Friday, December 12, 2008

Getting the Bible right

Isn't that a real gotcha. It's so easy to misread the Bible, to forget to consider the context before putting forward some great pearl of wisdom :)
I was so pleased a while back when a young man who was attending to the sound system at church, remarked on a persons treatment of Matthew 18:20. They had made the common mistake of thinking of Matthew 18:20 as a definition of church. It had really irked him that they took made such a basic error.
Lest you think I am a little harsh about someone being mistaken about a passage of Scripture, let me just say I myself had made that very same mistake about Matt 18:20, and held it until corrected some 3 years later. I am thankful indeed to the person who pointed it out. It maybe of course that I am therefore particularly sensitive when this passage is interpreted incorrectly and that may be so, but it can still stand as a helpful warning to deal carefully with God's Word as read it.

What the passage is speaking about is that of a brother sinning against you and refusing to repent, first in the personal one on one intervention, and then if he refuses to listen to you and two others, or even the "church" as the NIV puts it. Mt 18:17.
First of all, this word church is 'ekklesia' for which we later on derived the word church but it's basic meaning here is 'called out ones', used by the Greeks for an assembly or body of citizens gathered to discuss the affairs of state. At this point in the New Testament the Church in our common sense of Ephesians 3 which was a mystery in past ages, is not explicit, rather in the Gospels it is a gathered assembly around our Lord Jesus as his disciples. We must refrain from reading back into the Gospels what is later found in the epistles unless we have good warrant to do so.
This is why as Christians now, we take the epistles as our guide for what Church is and how it is to be ordered. What is the failure here is to take the Gospels seriously on their own account, failing to see what the Lord is teaching us through the Gospels. But more on that another time.

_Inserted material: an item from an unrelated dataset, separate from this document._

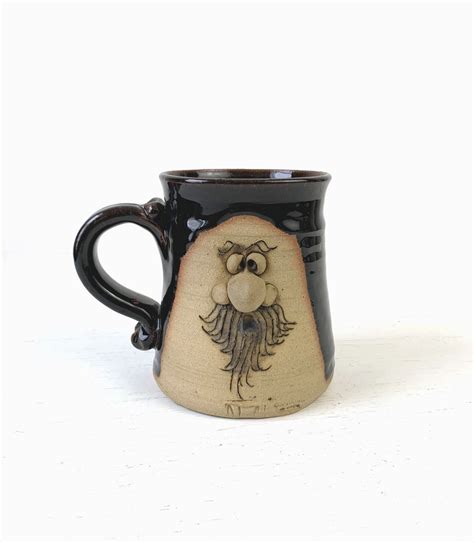 Peter Petrie Stoneware Face Mug 1974 Signed Pottery Stein Coffee Cup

The second thing here is that Jesus is saying that he "Jesus will be with them" 18:20. Apart from the worthwhile inquiry as to Jesus association of himself and the reference about the Father in verse 19, what is primary here is that Jesus is saying that in context of judgment of a sinning brother he is involved! As Carson points out the "about anything" in verse 19 is better taken as "about any judicial matter" which fits with the argument of Matt 18. Then the point being made is that Jesus will be with the Judges who are here acting in the community of believers to deal properly with those that sin and refuse to repent.